Die Rechte-Kolumne Rainer Dresen: Nichts wirklich Neues über „Esra“ aber viel Erhellendes über die wirklichen Probleme der Verlage

Anfang Februar fand in der evangelischen Akademie in Tutzing eine Tagung statt zum Thema „Freiheit für die Literatur?“ Ein ganzes Wochenende lang wurde dort über die Frage diskutiert, ob die Literaturfreiheit dadurch in Gefahr ist, dass Gerichte Romane verboten haben, die persönlichkeitsrechtlich bedenkliche Anleihen an der Realität aufweisen.

Obwohl der Autor – wohl zu Versachlichung der Debatte – gar nicht erst eingeladen war, standen Maxim Biller und sein Roman Esra in Tutzing im Mittelpunkt. Billers Interessen wurden trotz seiner Abwesenheit mit Verve und Eloquenz vertreten durch seinen Verleger Helge Malchow und den WELT-Redakteur Uwe Wittstock. Beide wiederholten ihre auch schon vor Tutzing wiederholt geäußerten Thesen, dass dieses Buch eine beeindruckende Literatizität aufweise und deshalb das gerichtlich verfügte Verbot unerhört sei, weshalb ja auch Verfassungsbeschwerde gegen das Verbot eingelegt worden sei.

Schützenhilfe bekamen Malchow und Wittstock nun durch den Vortrag des Literaturwissenschaftlers Dr. Michael Ansel. Er attestierte dem Roman eine selbstreflexive Medialität und entdeckte eine den Romanfiguren immanente Poetologie und wies dadurch nach, was im Falle Esra kein Gericht je bestritt, nämlich dass es sich bei „Esra“ – insgesamt gesehen – um Literatur und damit um Kunst im Sinne des Grundgesetzes handle. Spätestens die Bezugnahme des inoffiziellen Haus- und Hofheiligen der Tutzinger Veranstaltung, Thomas Mann, im Roman selbst machte „Esra“ aus Dr.

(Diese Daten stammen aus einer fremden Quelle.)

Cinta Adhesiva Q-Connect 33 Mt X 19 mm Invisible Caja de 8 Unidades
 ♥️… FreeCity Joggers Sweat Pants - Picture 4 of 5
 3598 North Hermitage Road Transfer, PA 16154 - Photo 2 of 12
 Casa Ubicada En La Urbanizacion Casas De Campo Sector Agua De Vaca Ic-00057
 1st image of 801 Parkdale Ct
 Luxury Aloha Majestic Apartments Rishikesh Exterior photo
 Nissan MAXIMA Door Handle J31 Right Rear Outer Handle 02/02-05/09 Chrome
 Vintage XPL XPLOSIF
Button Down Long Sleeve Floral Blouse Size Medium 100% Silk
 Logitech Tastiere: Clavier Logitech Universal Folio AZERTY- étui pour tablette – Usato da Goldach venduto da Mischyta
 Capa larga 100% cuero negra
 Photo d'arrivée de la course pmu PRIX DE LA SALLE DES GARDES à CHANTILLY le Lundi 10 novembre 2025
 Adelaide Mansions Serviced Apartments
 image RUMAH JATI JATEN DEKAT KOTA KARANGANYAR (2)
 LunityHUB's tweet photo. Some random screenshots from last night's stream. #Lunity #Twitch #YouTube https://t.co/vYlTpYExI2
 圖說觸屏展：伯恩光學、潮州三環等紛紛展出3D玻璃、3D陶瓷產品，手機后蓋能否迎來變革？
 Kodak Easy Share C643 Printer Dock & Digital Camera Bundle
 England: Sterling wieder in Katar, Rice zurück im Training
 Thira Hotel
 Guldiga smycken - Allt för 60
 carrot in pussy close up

Ansels Sicht vollends zum Kunstwerk und damit für Juristen unangreifbar.

Leider ging Dr. Ansel mit keinem Satz darauf ein, ob die in den Prozessen konkret dargelegten Persönlichkeitsrechtsverletzungen der Freundin Billers und deren Mutter durch die Kunstfreiheit gedeckt sind, ob also in deren zum großen Teil realitätsnahen Schilderungen ausreichende künstlerische Verfremdungen zu erkennen sind. Diese Fragen, und nur diese, hatten sich die befassten Gerichte bei ihrer Abwägung der Persönlichkeitsrechte mit der Kunstfreiheit zu stellen, wobei sie alle nach zugegebenermaßen nicht literaturwissenschaftlich durchgeführter Prüfung zum Ergebnis kamen, dass hier die Anforderungen an das Überwiegen der Kunstfreiheit nicht erfüllt seien, die seit dem „Mephisto-Urteil“ unverändert fragen: Ist das reale Umfeld der betreffenden Personen nicht nur abgebildet sondern künstlerisch hinreichend verfremdet.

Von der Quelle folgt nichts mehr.